Appeal was taken from an order of the 92nd District Court, Hidalgo County, Paul A. Martineau, J., declaring that the appellant was not qualified to be paid compensation as a justice of the peace while he also maintained employment as a public school teacher.

 

DECISION

 

Provision of Constitution prohibiting any person from holding more than one office of emolument specifically excepts justice of peace from dual emolument  prohibitions, and teacher was an employee rather than an “officer”; thus, person employed in teaching capacity for independent school district and who also served as elected justice of  peace was eligible to receive compensation for both positions.

 

DICTA

 

The Court of Civil Appeals, Nye, C. J., held that the constitutional provision prohibiting persons from holding more than one office of emolument specifically excepted from its prohibitions the office of the justice of the peace; and that the separation of powers provision of the Constitution did not prevent appellant from receiving a salary and serving as both a public school teacher and a justice of the peace.

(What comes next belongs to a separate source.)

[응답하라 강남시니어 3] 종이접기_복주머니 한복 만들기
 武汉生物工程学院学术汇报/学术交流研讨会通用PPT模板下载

Reversed and rendered.

 

IMPLICATIONS

 

Separation of powers provision of the State Constitution did not prevent public school teacher from also serving and receiving salary as justice of peace where such person, as teacher, was not exercising sovereign powers of State, and where there was no evidence that his activities and duties as public school teacher interfered in any way with his constitutional duties as justice of peace.

 

 

 

 

 

 

 

 

 

 

 

 

   Case Five

 

LITIGANTS

 

IN THE SUPREME COURT OF TEXAS

No. 01- 0557

 

Midland Judicial District Community Supervision and Corrections

Department, Petitioner

v.

Ruthie Ann Jones, Respondent

 

On Petition for Review from the

Court of Appeals for the Eight District of Texas

 

 

BACKGROUND

 

On July 30, 1993, the Midland Judicial District Community Supervision and Corrections Department (CSCD) informed Ruthie Ann Jones that she had been hired as a Pretrial Services Administrative Technician III. At that time she was given a memorandum that stated that she would start work on August 9, 1993. The memorandum also discussed her salary. She would receive a starting monthly gross pay of $1,558.00 in August; $14 would be added to her pay starting 1/1/94; another $13 increase effective 4/1/94; and she would have a monthly gross salary on 9/1/94. The salary figures were contingent upon her future performance evaluations and available county funding.

 

FACTS

 

In December 1993, Jones’ position was eliminated due to budget constraints. Jones filed suit against the CSCD, alleging wrongful termination and breach of employment contract. The trial court granted CSCD’s motion for summary judgment on the ground that Jones was an at-will employee. The court of appeals held that Jones’ employment was for a fixed term, reversed the trial court’s summary judgment, and remanded the case for trial.

 

DECISION

 

For well over a century, the general rule in this State, as in most jurisdictions, has been that absent a specific agreement to the contrary, employment may be terminated by the employer or the employee for good cause, bad cause or no cause at all.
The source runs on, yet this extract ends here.